By the 1940s, despite the war and the hurricane of 1944, life was returning to normal and the fishing on LBI was great. SBYC built a permanent dock and held numerous Junior and Senior races along with many family events. That summer brought the very fast and popular Bradford fleet – a sixteen-foot sailboat with a big mainsail – built by our own Neil Bradford, a Long Beach Township police officer. Later, the rise of one-design sailboats brought a new fleet of Lightnings. Our sailors showed their worth in 1951, when Johnny Teigland won the Lightning Internationals. Charles Doré came in third. SBYC would go on to host this big regatta in 1952. One of the Lightning skippers, Lud Wray, a noted football player became head football coach for the University of Pennsylvania. After leaving Penn, he and a friend bought a small team known as the Frankford Yellow Jackets and gave them a new name: the Philadelphia Eagles.
Faye Rieder Bennet, joined SBYC in 1950, developed a strong Moth Fleet and ran our Junior program. She moved on to the fields of judging, coaching and race management. In 2002 Faye was awarded the prestigious Herreshoff Trophy. In the later 1950s a special family joined our club: Moss Hart, Kitty Carlisle and their children. During this time Moss Hart was directing the iconic musical ‘Camelot.’
When our new clubhouse was built in 1969, the original building became the Junior clubhouse. A second clubhouse soon followed. Docks were built, land was bought; fishermen and crabbers continued fishing and crabbing while our sailing fleets grew and multiplied.

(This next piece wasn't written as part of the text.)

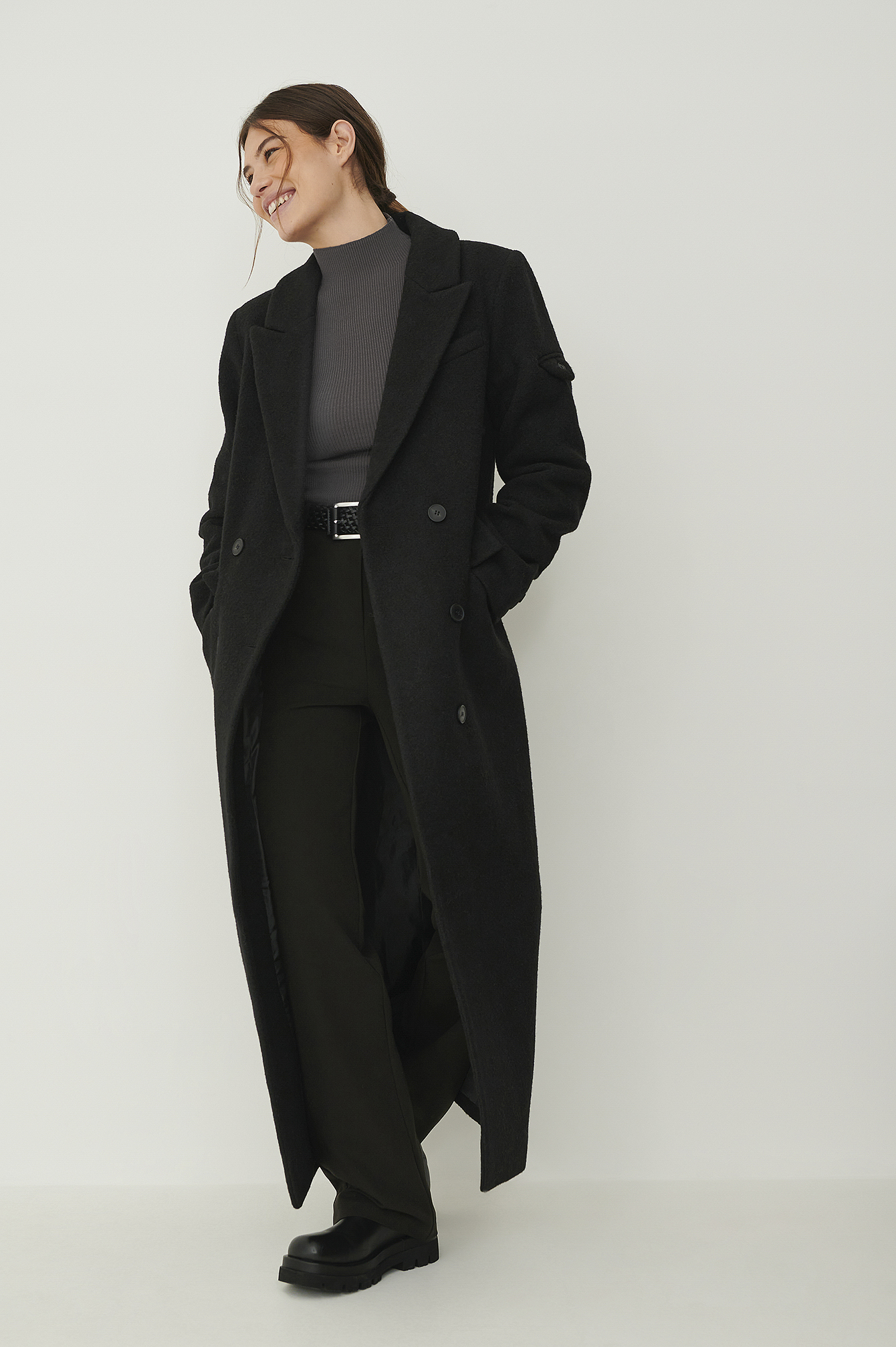 Double Button Coat Black | na-kd.com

Today, as we approach our 95th season, led by Commodore Nick Grieco, Spray Beach Yacht Club has four hundred and eighty-five members, a strong Junior Program, and too many social events and activities to fit in this article. Yet some things never change – we still love parties, fun and heading out to the bay in boats.
Captions for the two photos:
Photo at the top of this page: SBYC clubhouse, circa 1925-26. The water would come right underneath the building at high tide. SBYC Archives.
Second photo: SBYC, circa 1958. The clubhouse is now larger, with land filled in behind bulkheads. The dance floor is to the right. Photo courtesy of the Schrader Family Collection.